**SUPPLIED MATERIAL:**
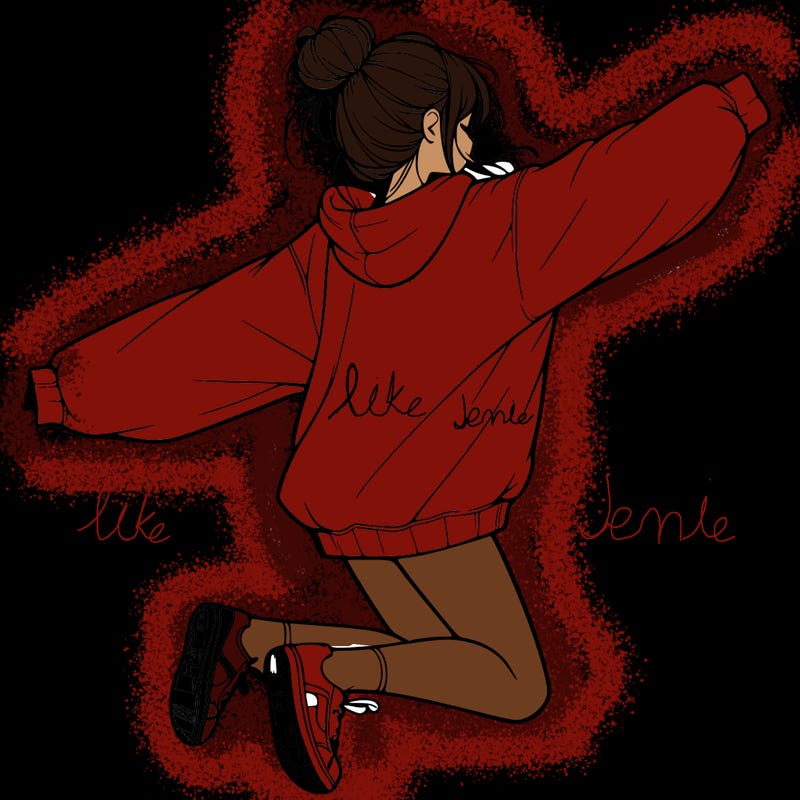 realistic girl jumping with a bun and oversized sweatshirt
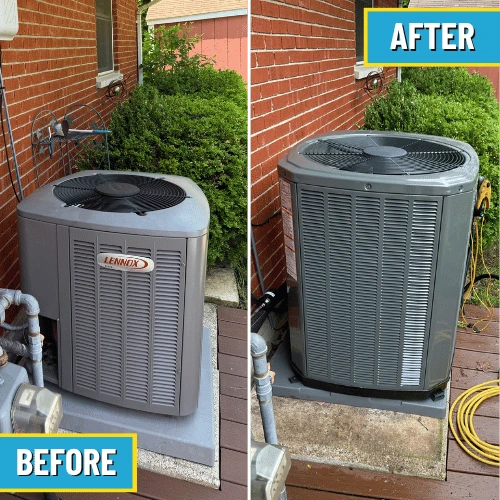before and after, Lennox to Trane AC replacement by Logan Services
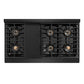 ZLINE Autograph Edition 48 in. 6.7 cu. ft. Paramount Dual Fuel Range with 8 Burner DuoPro™ Cooktop and Dual Ovens in Black Stainless Steel with Champagne Bronze Helix Handles and Accents (PSDRBZ-48-KCB) top-down, above cooktop.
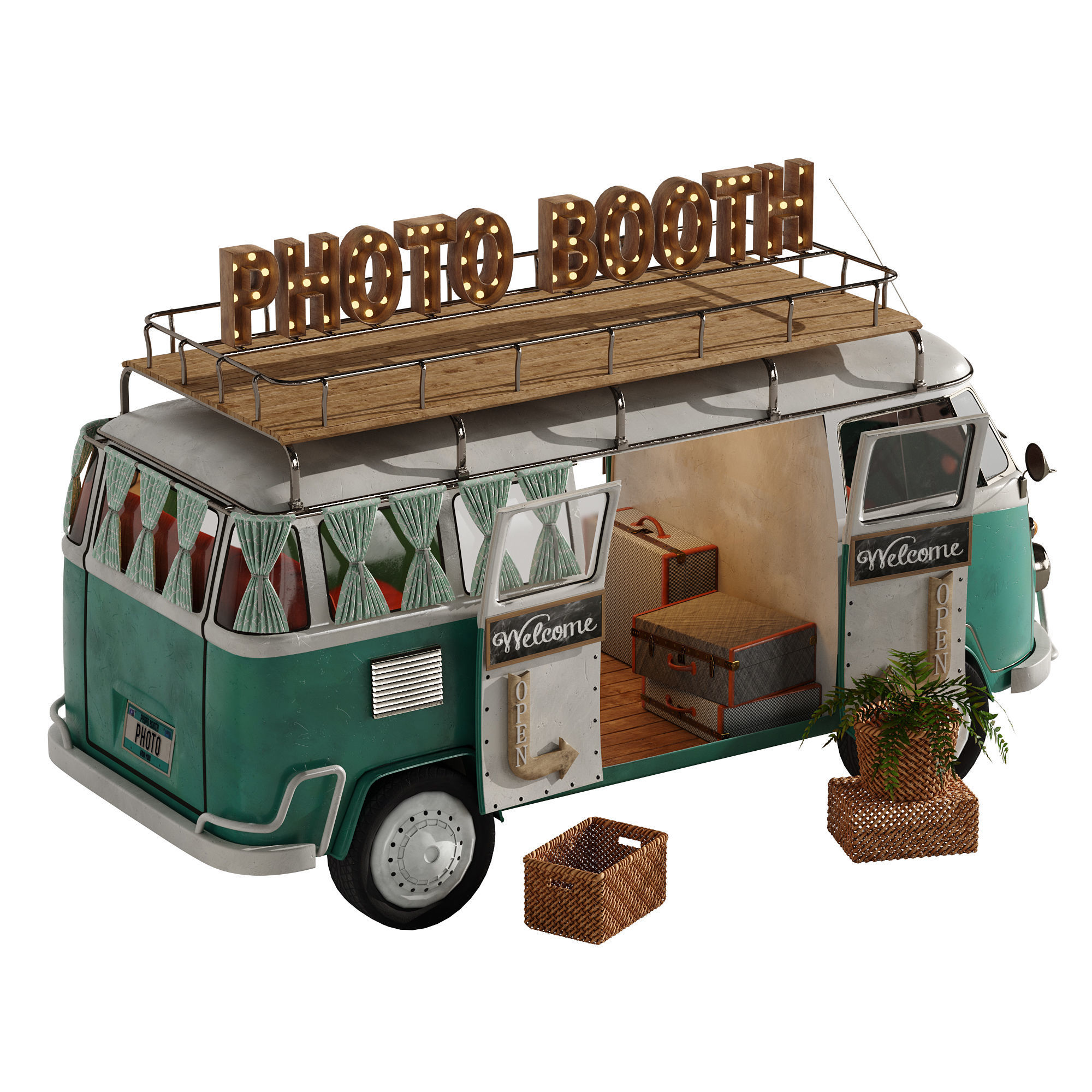 Food Truck Photo Booth set 1 3D model_10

**PROBLEM DETAILS:**
The answer is every line of the data, exactly as written, with the pictures dropped.

**RESPONSE BELOW:**
 realistic girl jumping with a bun and oversized sweatshirt
before and after, Lennox to Trane AC replacement by Logan Services
 ZLINE Autograph Edition 48 in. 6.7 cu. ft. Paramount Dual Fuel Range with 8 Burner DuoPro™ Cooktop and Dual Ovens in Black Stainless Steel with Champagne Bronze Helix Handles and Accents (PSDRBZ-48-KCB) top-down, above cooktop.
 Food Truck Photo Booth set 1 3D model_10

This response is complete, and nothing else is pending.